Problem Link - The Bickering Task Force
Problem Statement
We meet our old friend the Despotic King again. The king was no believer in democracy (understandably) and did not wish to share any information regarding the running of his country even with the nobles in his court. He had an inner circle (a cabal) consisting of a few old friends from his youth and a couple of protégés and ran the kingdom with their help. It was, however, a benevolent dictatorship and thus there was hardly a protest either in the court or among the subjects.
The king’s sons and potential successors were, however, of dubious attitude and quality. Clearly, dictatorship of the incompetent was the future of the country if the king were to abdicate or die. Some of the younger nobles banded together and confronted the king and demanded openness.
The king promised to appoint a Task Force with members selected from among the nobles to oversee the administration of the country. However, he wished to choose its members in such a way that they would waste all their time fighting each other, leaving them no opportunity to introduce any changes in the way the country was being run.
His able advisor, the wily prime minister, gave him a list of all the pairs of nobles who hated each other. The king then wanted the minister to pick as large a Task Force as possible (so that his generosity was evident), in such a way that each member of the Task Force hates at least K other members (where K was a number to be determined by the king). The Task Force cannot be empty.

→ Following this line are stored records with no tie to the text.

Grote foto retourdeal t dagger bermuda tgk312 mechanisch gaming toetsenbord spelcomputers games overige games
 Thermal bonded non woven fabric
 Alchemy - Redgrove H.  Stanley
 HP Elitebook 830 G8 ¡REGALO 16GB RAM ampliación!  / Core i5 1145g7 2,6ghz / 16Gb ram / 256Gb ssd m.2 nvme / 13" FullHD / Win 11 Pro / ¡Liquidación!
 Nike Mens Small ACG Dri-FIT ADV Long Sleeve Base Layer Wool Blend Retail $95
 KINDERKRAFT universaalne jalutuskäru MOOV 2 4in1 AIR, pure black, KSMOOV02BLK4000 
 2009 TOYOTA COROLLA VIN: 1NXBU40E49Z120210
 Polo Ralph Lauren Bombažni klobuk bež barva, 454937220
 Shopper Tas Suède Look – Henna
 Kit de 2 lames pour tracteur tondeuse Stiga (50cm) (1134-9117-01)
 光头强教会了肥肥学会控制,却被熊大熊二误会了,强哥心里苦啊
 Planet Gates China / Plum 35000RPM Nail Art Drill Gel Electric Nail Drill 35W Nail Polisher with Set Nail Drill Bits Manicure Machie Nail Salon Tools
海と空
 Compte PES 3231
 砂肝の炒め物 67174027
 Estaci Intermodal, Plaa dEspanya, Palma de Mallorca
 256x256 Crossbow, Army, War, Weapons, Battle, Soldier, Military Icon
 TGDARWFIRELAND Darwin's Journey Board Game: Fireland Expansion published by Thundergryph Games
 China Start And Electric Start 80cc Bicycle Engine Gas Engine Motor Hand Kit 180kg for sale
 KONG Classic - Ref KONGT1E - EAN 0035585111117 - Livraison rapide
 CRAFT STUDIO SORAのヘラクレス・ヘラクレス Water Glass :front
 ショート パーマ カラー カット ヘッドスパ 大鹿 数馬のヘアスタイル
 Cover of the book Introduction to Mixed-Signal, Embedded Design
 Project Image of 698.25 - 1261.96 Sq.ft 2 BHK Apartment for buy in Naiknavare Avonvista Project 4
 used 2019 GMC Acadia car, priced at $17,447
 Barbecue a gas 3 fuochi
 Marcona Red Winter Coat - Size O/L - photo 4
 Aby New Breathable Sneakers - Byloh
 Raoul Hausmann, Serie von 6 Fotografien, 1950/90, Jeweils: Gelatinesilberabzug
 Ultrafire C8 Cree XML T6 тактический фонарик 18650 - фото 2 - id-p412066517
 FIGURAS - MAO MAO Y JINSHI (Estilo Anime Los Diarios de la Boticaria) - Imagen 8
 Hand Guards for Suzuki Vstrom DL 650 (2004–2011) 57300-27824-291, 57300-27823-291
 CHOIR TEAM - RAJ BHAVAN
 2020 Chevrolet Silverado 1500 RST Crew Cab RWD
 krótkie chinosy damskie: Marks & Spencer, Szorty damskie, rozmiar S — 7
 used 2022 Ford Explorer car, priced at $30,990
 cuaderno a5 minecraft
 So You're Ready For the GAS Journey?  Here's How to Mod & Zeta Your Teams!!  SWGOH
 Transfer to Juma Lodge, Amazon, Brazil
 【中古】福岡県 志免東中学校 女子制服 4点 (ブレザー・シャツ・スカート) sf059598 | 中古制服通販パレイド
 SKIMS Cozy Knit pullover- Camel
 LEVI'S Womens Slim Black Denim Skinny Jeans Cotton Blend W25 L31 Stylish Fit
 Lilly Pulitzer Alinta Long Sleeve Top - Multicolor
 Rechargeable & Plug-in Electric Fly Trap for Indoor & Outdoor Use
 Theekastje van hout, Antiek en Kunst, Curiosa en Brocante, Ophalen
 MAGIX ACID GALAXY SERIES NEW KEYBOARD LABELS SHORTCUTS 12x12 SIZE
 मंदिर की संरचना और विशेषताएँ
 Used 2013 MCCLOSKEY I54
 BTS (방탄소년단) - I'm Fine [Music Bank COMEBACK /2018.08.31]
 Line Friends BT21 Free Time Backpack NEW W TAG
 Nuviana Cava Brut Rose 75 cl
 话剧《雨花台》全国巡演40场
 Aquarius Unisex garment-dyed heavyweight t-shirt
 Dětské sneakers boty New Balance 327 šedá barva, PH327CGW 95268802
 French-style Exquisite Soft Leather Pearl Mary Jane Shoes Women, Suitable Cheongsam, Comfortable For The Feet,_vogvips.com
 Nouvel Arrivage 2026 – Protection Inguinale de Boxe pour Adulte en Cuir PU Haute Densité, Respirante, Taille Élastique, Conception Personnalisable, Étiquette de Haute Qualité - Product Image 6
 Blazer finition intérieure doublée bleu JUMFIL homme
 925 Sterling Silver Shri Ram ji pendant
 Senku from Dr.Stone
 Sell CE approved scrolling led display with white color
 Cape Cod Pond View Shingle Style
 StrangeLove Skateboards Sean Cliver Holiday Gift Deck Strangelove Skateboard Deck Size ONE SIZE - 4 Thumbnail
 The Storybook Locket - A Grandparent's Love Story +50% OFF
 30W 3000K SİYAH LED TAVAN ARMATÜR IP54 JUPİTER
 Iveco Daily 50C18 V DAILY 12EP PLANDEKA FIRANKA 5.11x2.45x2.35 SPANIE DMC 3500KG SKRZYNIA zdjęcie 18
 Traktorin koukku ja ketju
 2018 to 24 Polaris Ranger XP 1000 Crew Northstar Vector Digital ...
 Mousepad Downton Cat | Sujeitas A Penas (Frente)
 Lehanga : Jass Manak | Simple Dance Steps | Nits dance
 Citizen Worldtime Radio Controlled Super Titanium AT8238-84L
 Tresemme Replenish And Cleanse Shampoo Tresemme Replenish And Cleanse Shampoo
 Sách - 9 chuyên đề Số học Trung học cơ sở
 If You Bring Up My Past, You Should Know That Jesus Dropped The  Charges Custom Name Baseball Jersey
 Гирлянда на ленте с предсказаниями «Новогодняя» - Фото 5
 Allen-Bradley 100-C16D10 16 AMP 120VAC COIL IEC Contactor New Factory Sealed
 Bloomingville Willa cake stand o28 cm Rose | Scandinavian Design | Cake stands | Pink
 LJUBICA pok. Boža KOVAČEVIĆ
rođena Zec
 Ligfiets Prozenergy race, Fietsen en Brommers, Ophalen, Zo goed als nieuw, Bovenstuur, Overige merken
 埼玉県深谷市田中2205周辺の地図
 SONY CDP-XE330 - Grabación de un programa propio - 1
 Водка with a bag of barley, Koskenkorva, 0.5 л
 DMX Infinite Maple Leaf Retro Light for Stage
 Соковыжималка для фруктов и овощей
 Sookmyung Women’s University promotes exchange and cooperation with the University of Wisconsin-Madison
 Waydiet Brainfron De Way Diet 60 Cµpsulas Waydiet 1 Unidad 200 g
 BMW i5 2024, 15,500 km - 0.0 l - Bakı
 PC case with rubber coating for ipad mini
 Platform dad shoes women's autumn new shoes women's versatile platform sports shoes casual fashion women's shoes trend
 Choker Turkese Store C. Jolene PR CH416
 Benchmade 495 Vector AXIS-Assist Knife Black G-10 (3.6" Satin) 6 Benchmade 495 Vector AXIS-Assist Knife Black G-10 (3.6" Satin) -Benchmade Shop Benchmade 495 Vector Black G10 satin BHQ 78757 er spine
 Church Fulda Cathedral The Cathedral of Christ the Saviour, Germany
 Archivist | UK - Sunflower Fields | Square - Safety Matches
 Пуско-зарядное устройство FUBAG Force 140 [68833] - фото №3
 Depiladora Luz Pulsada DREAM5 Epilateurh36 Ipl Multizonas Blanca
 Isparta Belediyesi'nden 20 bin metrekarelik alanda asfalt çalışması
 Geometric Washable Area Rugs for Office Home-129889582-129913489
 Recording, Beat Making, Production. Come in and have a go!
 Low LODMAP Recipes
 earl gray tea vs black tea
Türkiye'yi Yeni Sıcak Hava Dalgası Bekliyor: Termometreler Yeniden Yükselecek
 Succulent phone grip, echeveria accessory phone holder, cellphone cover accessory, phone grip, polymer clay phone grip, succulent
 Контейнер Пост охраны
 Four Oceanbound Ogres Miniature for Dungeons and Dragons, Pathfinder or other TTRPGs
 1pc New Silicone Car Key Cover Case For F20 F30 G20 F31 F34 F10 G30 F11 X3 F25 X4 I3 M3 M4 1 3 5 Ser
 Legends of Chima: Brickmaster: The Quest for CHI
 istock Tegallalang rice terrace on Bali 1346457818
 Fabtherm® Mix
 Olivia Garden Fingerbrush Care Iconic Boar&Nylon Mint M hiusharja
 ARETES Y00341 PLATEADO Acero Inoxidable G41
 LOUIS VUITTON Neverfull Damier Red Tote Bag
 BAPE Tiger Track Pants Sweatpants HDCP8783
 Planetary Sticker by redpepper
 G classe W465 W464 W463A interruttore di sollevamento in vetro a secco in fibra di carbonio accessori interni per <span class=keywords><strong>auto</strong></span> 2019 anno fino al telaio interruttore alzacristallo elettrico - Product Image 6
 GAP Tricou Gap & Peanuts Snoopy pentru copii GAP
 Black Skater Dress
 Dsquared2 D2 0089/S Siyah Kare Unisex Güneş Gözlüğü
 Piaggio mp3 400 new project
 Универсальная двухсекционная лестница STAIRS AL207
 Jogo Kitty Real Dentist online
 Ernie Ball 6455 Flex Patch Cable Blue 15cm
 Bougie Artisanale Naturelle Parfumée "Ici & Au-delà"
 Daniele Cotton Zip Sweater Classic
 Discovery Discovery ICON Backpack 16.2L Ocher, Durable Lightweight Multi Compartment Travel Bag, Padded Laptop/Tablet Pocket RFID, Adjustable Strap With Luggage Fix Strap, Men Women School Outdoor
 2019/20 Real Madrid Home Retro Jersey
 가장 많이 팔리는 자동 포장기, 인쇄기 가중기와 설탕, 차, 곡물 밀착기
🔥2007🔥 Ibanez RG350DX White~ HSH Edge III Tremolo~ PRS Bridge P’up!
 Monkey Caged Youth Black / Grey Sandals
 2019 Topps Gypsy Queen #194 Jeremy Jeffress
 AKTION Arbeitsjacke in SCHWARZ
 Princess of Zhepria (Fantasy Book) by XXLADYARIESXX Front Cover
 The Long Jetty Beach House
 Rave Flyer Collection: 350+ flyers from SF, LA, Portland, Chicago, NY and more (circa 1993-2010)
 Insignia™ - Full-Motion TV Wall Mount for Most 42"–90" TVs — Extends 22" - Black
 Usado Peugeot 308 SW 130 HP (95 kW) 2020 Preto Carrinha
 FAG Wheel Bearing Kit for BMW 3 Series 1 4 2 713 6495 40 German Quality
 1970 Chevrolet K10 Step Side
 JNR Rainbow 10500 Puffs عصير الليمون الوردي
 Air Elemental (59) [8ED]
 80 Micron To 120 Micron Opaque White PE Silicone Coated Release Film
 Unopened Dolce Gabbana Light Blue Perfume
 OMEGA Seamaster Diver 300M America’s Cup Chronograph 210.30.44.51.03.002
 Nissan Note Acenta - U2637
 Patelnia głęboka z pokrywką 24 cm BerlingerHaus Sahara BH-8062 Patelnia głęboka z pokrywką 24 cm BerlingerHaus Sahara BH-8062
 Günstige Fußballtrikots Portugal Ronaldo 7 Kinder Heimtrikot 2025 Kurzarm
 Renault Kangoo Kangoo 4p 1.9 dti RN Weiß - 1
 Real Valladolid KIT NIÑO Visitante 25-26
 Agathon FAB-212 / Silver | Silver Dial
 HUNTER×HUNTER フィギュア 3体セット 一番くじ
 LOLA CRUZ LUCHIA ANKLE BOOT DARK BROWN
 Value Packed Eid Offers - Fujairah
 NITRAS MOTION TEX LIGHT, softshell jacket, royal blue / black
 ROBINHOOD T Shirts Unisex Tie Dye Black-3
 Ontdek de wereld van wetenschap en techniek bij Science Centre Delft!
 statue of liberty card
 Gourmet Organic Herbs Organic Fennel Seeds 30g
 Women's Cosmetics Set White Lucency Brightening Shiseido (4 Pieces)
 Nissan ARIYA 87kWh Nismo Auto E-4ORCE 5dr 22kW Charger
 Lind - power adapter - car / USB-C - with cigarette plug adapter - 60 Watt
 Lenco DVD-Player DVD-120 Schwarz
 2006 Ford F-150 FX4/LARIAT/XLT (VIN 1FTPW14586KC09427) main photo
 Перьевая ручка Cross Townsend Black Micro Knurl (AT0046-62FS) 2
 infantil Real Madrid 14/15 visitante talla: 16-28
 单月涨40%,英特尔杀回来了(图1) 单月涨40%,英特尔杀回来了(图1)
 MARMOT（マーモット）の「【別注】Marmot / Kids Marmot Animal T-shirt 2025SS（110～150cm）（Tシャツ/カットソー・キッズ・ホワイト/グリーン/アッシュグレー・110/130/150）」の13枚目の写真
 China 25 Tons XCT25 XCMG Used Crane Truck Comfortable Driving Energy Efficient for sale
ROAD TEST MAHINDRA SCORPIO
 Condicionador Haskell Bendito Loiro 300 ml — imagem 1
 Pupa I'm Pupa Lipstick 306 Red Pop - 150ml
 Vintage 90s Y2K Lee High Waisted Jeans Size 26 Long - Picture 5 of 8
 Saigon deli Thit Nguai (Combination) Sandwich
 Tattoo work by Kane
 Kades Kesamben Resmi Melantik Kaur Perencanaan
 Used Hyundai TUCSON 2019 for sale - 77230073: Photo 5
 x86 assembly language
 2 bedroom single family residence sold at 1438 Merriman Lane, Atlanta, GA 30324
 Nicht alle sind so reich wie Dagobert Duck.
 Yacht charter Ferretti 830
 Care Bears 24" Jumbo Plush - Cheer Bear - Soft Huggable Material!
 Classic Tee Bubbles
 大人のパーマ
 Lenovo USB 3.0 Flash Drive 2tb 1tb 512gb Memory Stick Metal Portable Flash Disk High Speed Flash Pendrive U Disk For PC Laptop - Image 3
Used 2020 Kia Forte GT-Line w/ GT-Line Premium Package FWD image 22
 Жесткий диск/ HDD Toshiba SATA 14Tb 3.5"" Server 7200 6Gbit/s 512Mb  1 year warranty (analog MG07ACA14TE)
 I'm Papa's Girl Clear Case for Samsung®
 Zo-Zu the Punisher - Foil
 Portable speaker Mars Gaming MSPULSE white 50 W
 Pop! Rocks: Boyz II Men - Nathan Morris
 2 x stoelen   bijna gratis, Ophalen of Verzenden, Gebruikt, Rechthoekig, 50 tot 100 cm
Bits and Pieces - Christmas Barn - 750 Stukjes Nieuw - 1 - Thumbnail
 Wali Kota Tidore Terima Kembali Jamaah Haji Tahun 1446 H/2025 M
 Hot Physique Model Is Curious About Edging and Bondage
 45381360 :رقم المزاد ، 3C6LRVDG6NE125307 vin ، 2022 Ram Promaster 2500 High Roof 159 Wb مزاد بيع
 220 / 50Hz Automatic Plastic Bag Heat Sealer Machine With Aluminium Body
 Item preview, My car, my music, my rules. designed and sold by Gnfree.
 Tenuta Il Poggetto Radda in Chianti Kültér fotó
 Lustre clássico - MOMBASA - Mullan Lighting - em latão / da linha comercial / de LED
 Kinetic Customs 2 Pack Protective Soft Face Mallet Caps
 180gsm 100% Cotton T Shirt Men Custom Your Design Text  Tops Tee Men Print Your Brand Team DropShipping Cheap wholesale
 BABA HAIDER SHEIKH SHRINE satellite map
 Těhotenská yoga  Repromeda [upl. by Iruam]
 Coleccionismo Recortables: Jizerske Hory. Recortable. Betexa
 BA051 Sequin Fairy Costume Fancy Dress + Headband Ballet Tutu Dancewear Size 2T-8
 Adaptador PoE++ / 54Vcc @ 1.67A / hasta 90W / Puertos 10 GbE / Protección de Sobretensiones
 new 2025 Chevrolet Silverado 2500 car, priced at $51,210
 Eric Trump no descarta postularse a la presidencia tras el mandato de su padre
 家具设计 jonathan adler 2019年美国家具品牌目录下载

Note that whenever a pair of nobles “A and B” appears in the prime minister’s list, it means that A hates B and, symmetrically, B hates A.
Approach
The problem is solved by identifying the largest group of nobles where each member hates at least k others. We first count how many people each noble hates and remove those who hate fewer than k. After filtering, the remaining nobles are represented as a graph, with edges showing mutual hatred. Using union-find, we group connected nobles and determine the size of each group. The largest group satisfying the condition is the answer. If no group exists, we output “NO”; otherwise, we output “YES” with the group size. The BFS or DFS ensures efficient traversal and updates of the graph during filtering.
Time Complexity
The time complexity is O(n + m), where n is the number of nobles and m is the number of hatred pairs.
Space Complexity
The space complexity is O(n + m) for storing the graph and union-find structures.